- The highlight for today is Fed Chair Yellen’s Jackson Hole speech at 10 AM ET
- During the North American session, the US reports advanced trade and wholesale inventories for July, Q2 GDP revision, and University of Michigan sentiment
- The UK reported Q2 GDP
- Japan reported July inflation figures
- Local press is reporting that South African President Zuma is planning a cabinet shuffle; Mexico reports July trade
The dollar is softer against the majors in narrow ranges ahead of Yellen’s speech. The dollar bloc is outperforming while sterling and the Norwegian krone are underperforming. EM currencies are mixed. ZAR, PLN, and IDR are outperforming while RUB, CNY, and TRY are underperforming. MSCI Asia Pacific was down 0.5%, with the Nikkei falling 1.2%. MSCI EM is up 0.1%, with Chinese markets falling 0.1%. Euro Stoxx 600 is down 0.1% near midday, while S&P futures are pointing to a higher open. The 10-year UST yield is down 1 bp at 1.56%. Commodity prices are mixed, with oil down 0.5%, copper up 0.5%, and gold up 0.4%.
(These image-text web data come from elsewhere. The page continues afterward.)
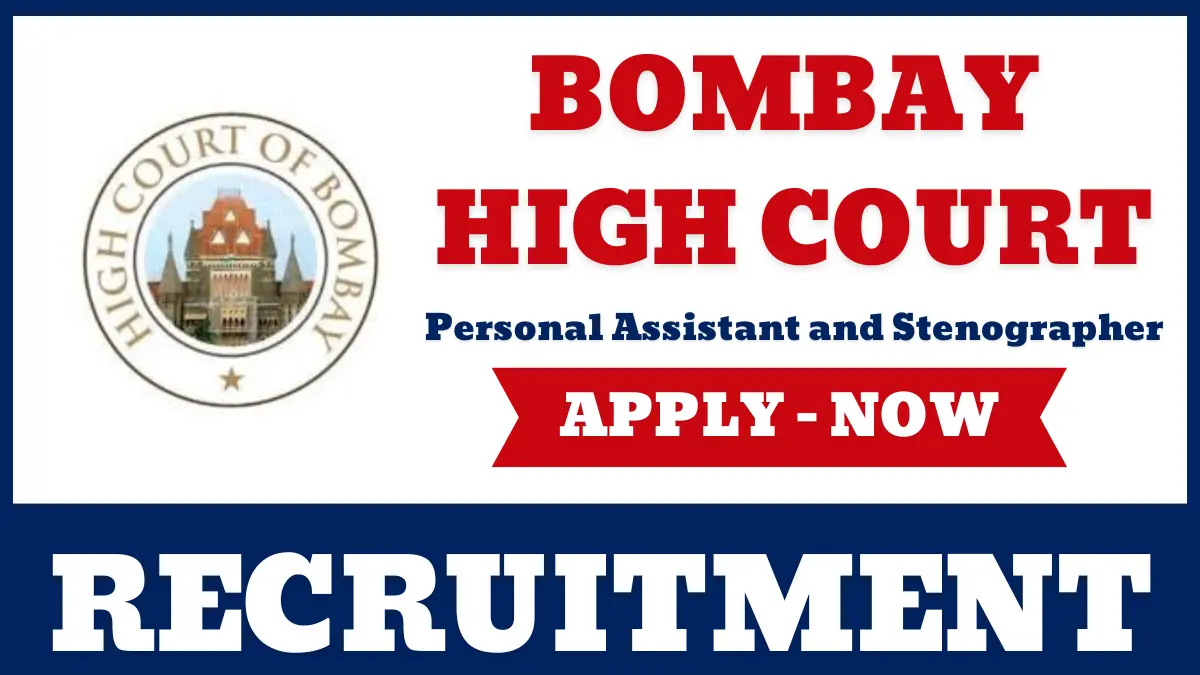Bombay High Court Personal Assistant and Stenographer Bharti 2025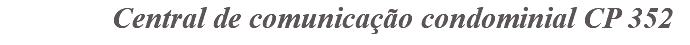 &nbsp;Central de comunicação condominial CP 352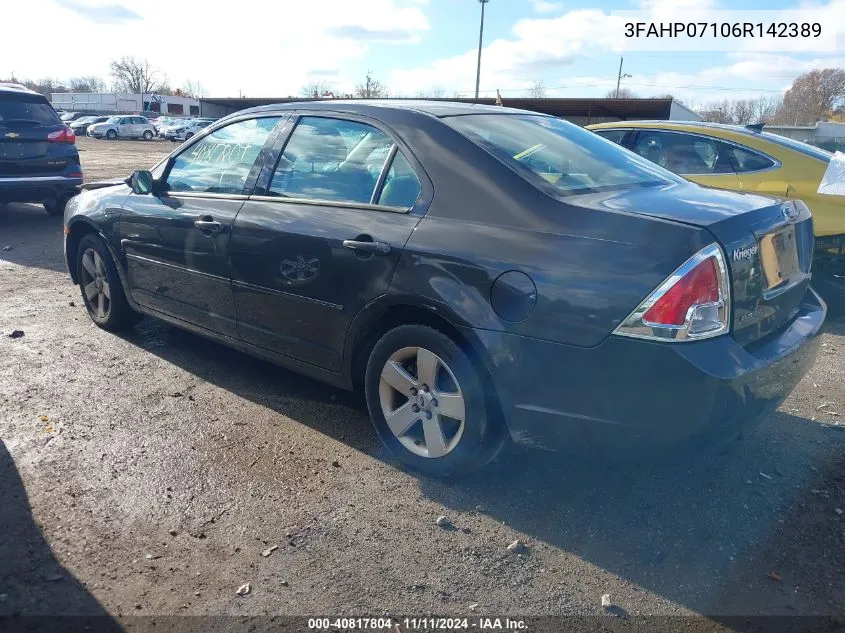 2006 Ford Fusion Se VIN: 3FAHP07106R142389 Lot: 40817804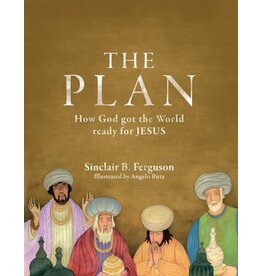 Sinclair B. Ferguson The Plan - How God Got the World Ready for Jesus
The highlight for today is Fed Chair Yellen’s Jackson Hole speech at 10 AM ET. Both Dudley and Fischer have already provided their general take on the economic outlook and prospects for a Fed hike this year. It seems unreasonable to expect Yellen to substantially deviate from their views.
Although a September hike seems unlikely, there is nothing to be gained from Yellen ruling it out. The Fed wants investors to know that every meeting is actionable, though there is no precedent for a move in November, the month of the US national election. According to the Fed funds futures, the market has upgraded the odds of a September hike to 32% currently from 18% on August 1 and 26% on August 5 after the US jobs data.
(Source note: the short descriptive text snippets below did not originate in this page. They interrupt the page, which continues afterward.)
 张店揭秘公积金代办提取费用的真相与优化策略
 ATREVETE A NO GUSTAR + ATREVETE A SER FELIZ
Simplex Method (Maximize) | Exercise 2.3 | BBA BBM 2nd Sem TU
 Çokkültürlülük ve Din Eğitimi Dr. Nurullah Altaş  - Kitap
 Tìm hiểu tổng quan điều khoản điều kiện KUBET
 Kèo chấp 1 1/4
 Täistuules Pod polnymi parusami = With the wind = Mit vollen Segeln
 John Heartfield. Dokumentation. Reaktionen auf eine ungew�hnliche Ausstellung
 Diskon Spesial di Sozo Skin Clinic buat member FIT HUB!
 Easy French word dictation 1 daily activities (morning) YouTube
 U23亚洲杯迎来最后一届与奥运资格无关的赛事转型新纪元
During the North American session, the US reports advanced trade and wholesale inventories for July, Q2 GDP revision, and University of Michigan sentiment. It’s worth noting that the Atlanta Fed’s GDPNow model now has Q3 SAAR growth tracking at 3.4%, down from 3.6% previously. The drop was due to weak existing home sales data reported this week.
The UK reported Q2 GDP. Headline GDP 0.6% q/q, as expected. Looking at the components, private consumption rose 0.9% q/q vs. 0.8% expected, GFCF (investment) rose 1.4% q/q vs. 0.4% expected, government spending fell -0.2% q/q vs. 0.3% expected, and exports rose 0.1% q/q vs. 0.7% expected. So far, the post-Brexit economic data have shown resilience and even outright strength. This should keep the BOE on hold next month.
German GfK consumer confidence was reported for September. It came in at 10.2 vs. 10.0 expected. Yesterday, German IFO confidence came in much weaker than expected for August. Elsewhere, France reported Q2 GDP. Growth came in as expected, flat q/q and up 1.4% y/y.
Japan reported July inflation figures. The national headline CPI was steady at -0.4% y/y, as expected, while core (excluding fresh food) came in at -0.5% y/y vs. -0.4% expected. Excluding food and energy, the inflation rate edged down to 0.3% y/y from 0.5% in June, the lowest since October 2013. Tokyo August headline inflation came in at -0.5% y/y vs. -0.4% expected, which suggests downside risks to the national CPI next month. Data overall have come in on the weak side recently, feeding market expectations that greater pressure will be on the BOJ for further easing.
Local press is reporting that South African President Zuma is planning a cabinet shuffle. Potential removals reportedly include the Ministers of Higher Education, Agriculture, Public Works, and Trade and Industry, as well as the Deputy Finance Minister. No mention of Finance. While such a move wouldn’t be surprising in light of the recent municipal election losses, investors could still get spooked in the current environment. Finance Minister Gordhan was not mentioned in the press report, but a recent poll by a major local bank showed that about half the respondents expect him to be eventually removed.
Mexico reports July trade. Exports have contracted y/y in 11 of the past 12 months, and the only exception was a 0.3% y/y gain in May. Petroleum exports have been weak, as one would expect, but non-petroleum exports have also been weak. Imports have also been contracting, and so deterioration in the trade and current account balances has been limited. While the sluggish economy is likely to keep Banco de Mexico on hold for the time being, much will depend on the peso.